Tornando a quel maledetto 7 aprile 2017, Alamia ha ribadito diverse volte che la sua intenzione era quella di ridare a Janira alcuni effetti personali e di poterla riconquistare. Sui momenti precedenti all’aggressione ha aggiunto: “Il coltello prima me lo ero puntato al cuore. Lei mi aveva detto ‘non farlo… posalo’. Allora l’ho messo per terra e abbiamo discusso ancora, poi l’ho ripreso per l’omicidio”.

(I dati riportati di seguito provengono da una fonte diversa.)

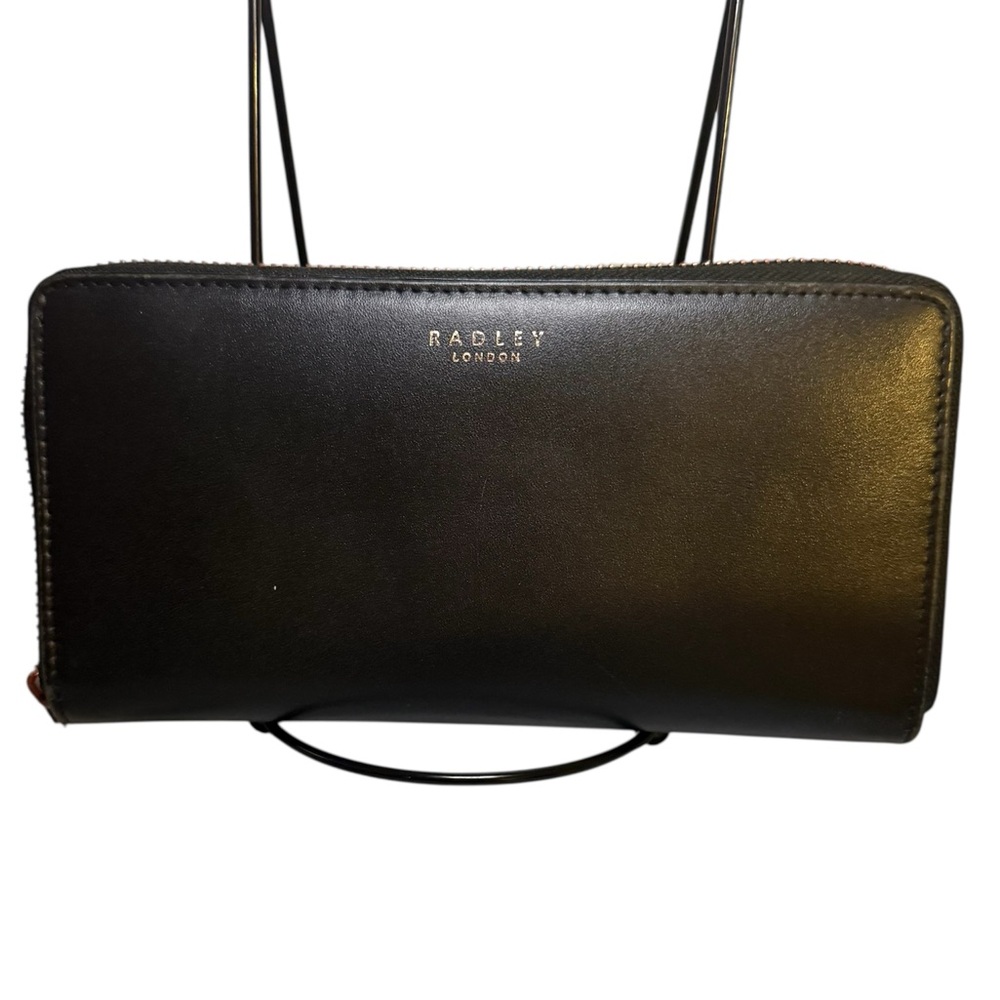 Radley London Easley Black Leather Zip Around Wallet Aqua Interior Rose Gold Zip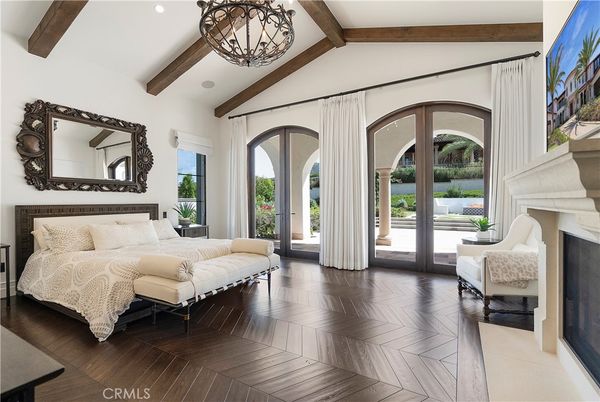 Bedroom, Fireplace, Interior, Recessed Lighting, Wooden Beams, Wood Texture Flooring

Nella sua deposizione, oltre a ricordare la sua vita prima del delitto, l’imputato ha parlato anche di quello che gli è successo dopo, quando è finito in carcere: “All’inizio sostenevo che Janira non era morta. Non ci credevo a quello che avevo fatto… poi col passare dei mesi ho guardato la realtà in faccia e mi sono reso conto che lei non ci sarà mai più. Ho capito quello che avevo fatto”.

“Oggi cosa provo? Tristezza, mi sento un mostro e sono pronto a pagare per quello che ho fatto. So che è una cosa ingiustificabile” ha concluso Alamia prima di tornare a sedersi accanto al suo avvocato.

Il video INTEGRALE della deposizione

Dopo di lui in aula sono state ascoltate anche la zia e la madre di Alamia. La prima ha parlato del nipote come di un ragazzo tranquillo e mai violento, anzi vittima a sua volta di episodi di bullismo a scuola. Un rapporto, il loro, terminato bruscamente con l’omicidio: “Un gesto così non lo posso perdonare. Non voglio più avere niente a che fare con lui”.

La mamma, invece, ha parlato dei suoi rapporti con Janira (“Erano buoni, ci andavo d’accordo ed abbiamo discusso solo quando mi hanno accusato di averle preso dei soldi”) e col figlio. La donna ha poi confermato di aver incontrato Alessio subito dopo il delitto a Loano: “Mi sembrava tranquillo e non era agitato. Gli ho comprato un tè freddo. Poi mi ha chiesto scusa perché avevamo litigato e mi ha domandato ‘Mamma qualunque cosa succeda mi vuoi sempre bene?’ Io gli ho risposto di sì e poi gli ho chiesto se fosse successo qualcosa. Lui mi ha detto che era tutto a posto e che andava dalla nonna'”.

Il processo continuerà a dicembre con l’audizione degli ultimi testimoni della difesa e di uno della parte civile, mentre la discussione e la sentenza dovrebbero arrivare a gennaio.